I’m trying to build a data pipeline using tf.data that would build a time series of the past 5 rows. Since I have more than 6000 different csv files, these cannot fit in memory and cannot be preprocessed and saved in disk due to size.
To read the 6K csv’s I’m trying to use tf.data.experimental.make_csv_dataset
and apply an overlapping window with the window function. The closest I’ve got so far is:
dataset = tf.data.experimental.make_csv_dataset(
file_pattern="/path/stock/*1min*.csv",
batch_size=1,
num_epochs=1,
shuffle=False,
header=False,
column_names=['timestamp','open','high', 'low', 'close', 'volume'],
column_defaults=[tf.string, tf.float32, tf.float32, tf.float32, tf.float32, tf.float32]
).window(
size=5, # Number of rows per window
shift=1, # Stride for overlapping windows
stride=1
)
Ideally I should end up with a shape of (M, 5 timesteps, 4 [open, low, high, close])

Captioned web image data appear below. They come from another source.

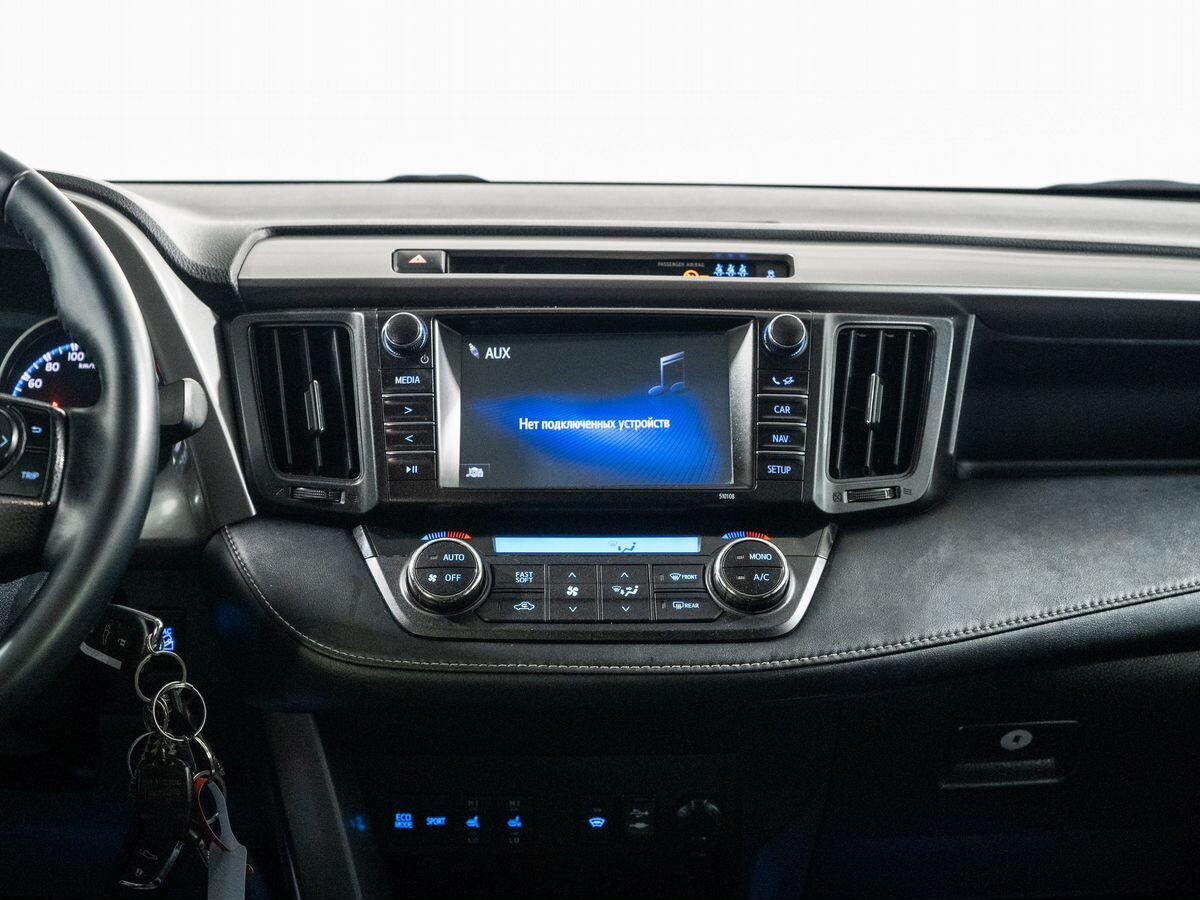 Toyota RAV4 2017 - фото автомобиля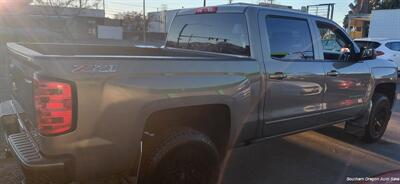 2017 Chevrolet Silverado 1500 LT Z71   - Photo 8 - Medford, OR 97501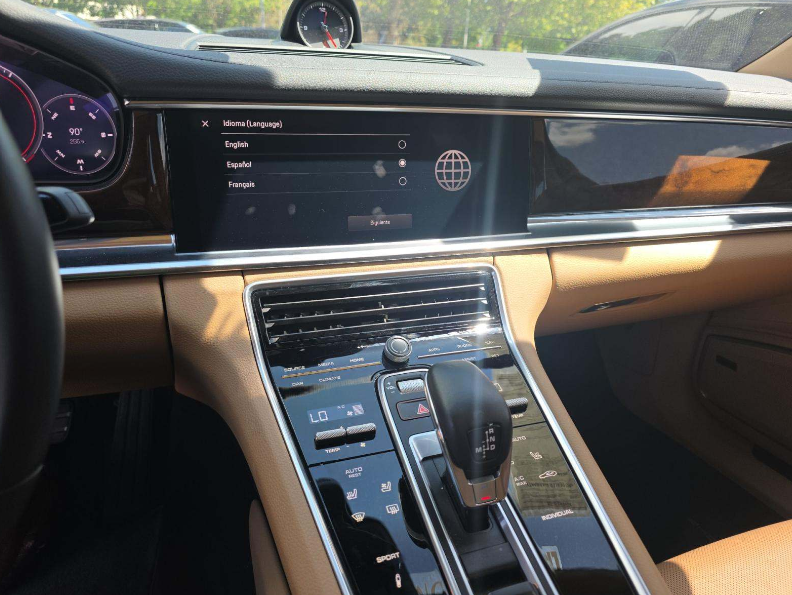 2023 Porsche Panamera Platinum Edition photo 5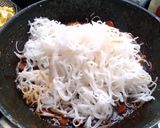 Foto langkah ke 9 dari resep Kwetiau goreng.
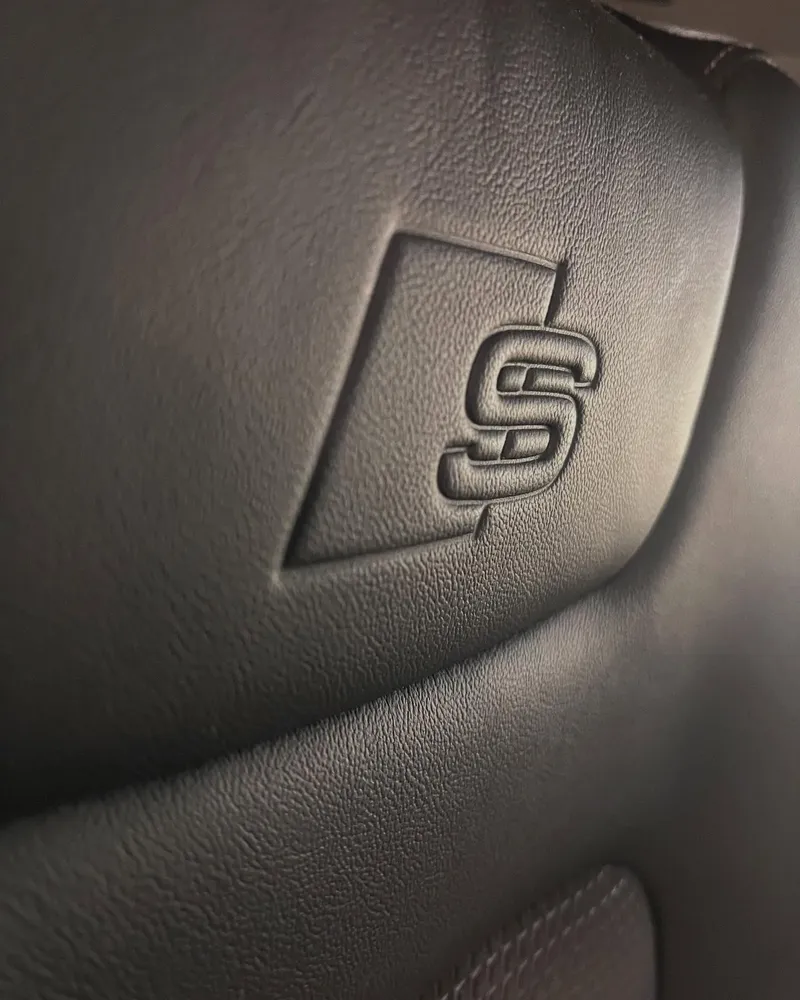 Gepflegter Ledersitz mit geprägtem S-Logo in Nahaufnahme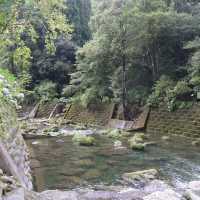 南投松瀧岩瀑布 - 大自然美景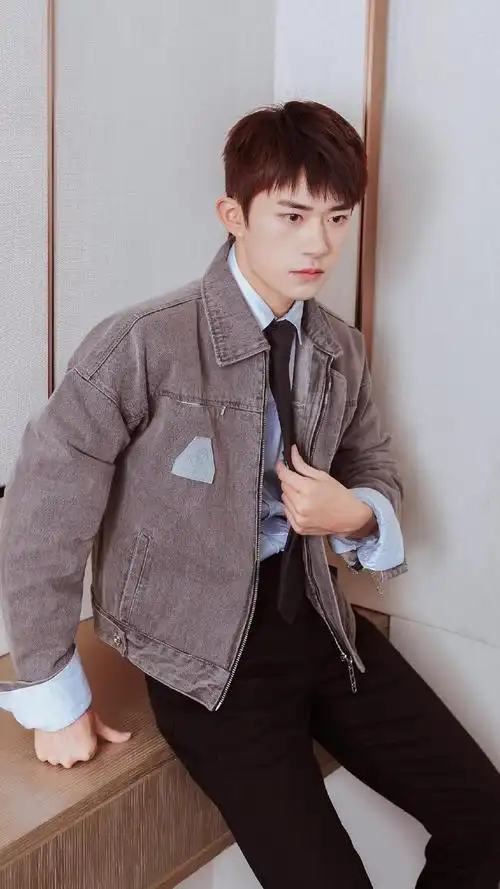 易烊千玺帅气阳光迷人写真,图片大全,高清,图库-回车桌面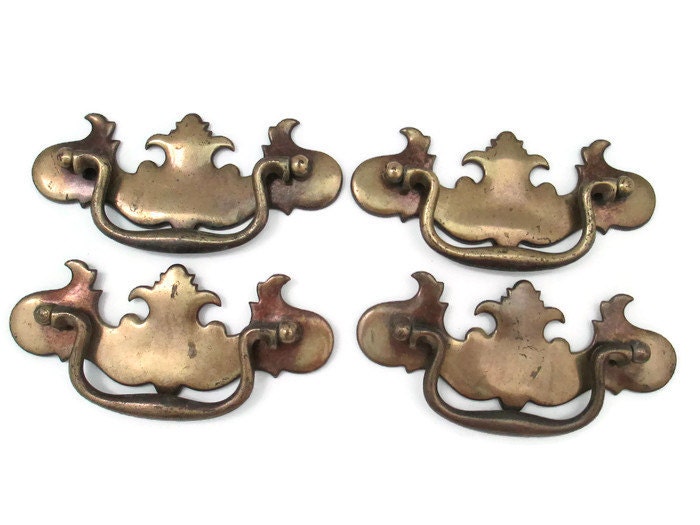 CLEARANCE Lot of 4 vintage drawer pulls 4″ centers Furniture Handles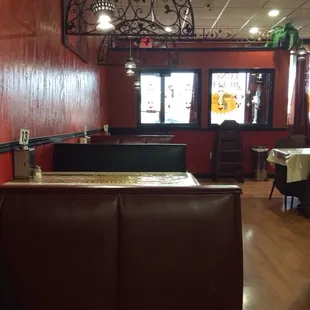Good food but filthy restaurant
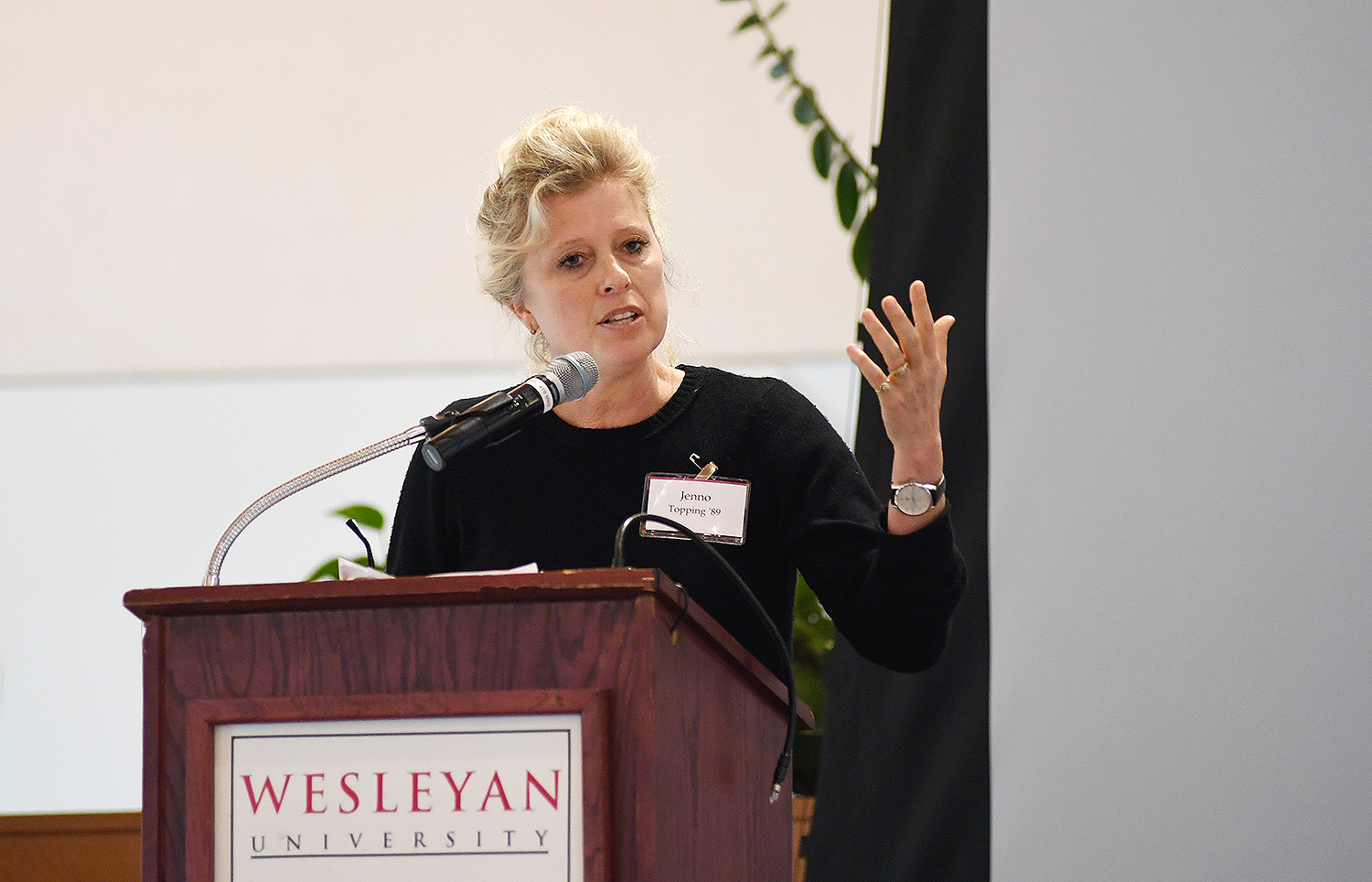 Oscar-nominated producer Jenno Topping '89, president of Film and Television at Chernin Entertainment, delivered the Alumni Keynote Speech on April 13. Topping has been involved in numerous feature films during her tenure at Charnin Entertainment including: Hidden Figures, The Greatest Showman, War for the Planet of the Apes, Red Sparrow, The Mountain Between Us, Miss Peregrine’s Home for Peculiar Children,The Heat and more.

I’m trying to write a map function that would take the dataset of datasets and convert it so that I can feed that to the model.
The issues I’m facing are: Im not able to write the map function to build and return the arrays or each timestep. I havent found a way to group the timesteps by date, as I dont want to build timesteps spanning multiple days. Lastly even if I attach a shuffle to the window dataset, it seems to only shuffle from a single file and not from the whole dataset.
How to solve this issue? Is there a better way to accomplish this task? Any help is greatly appreciated.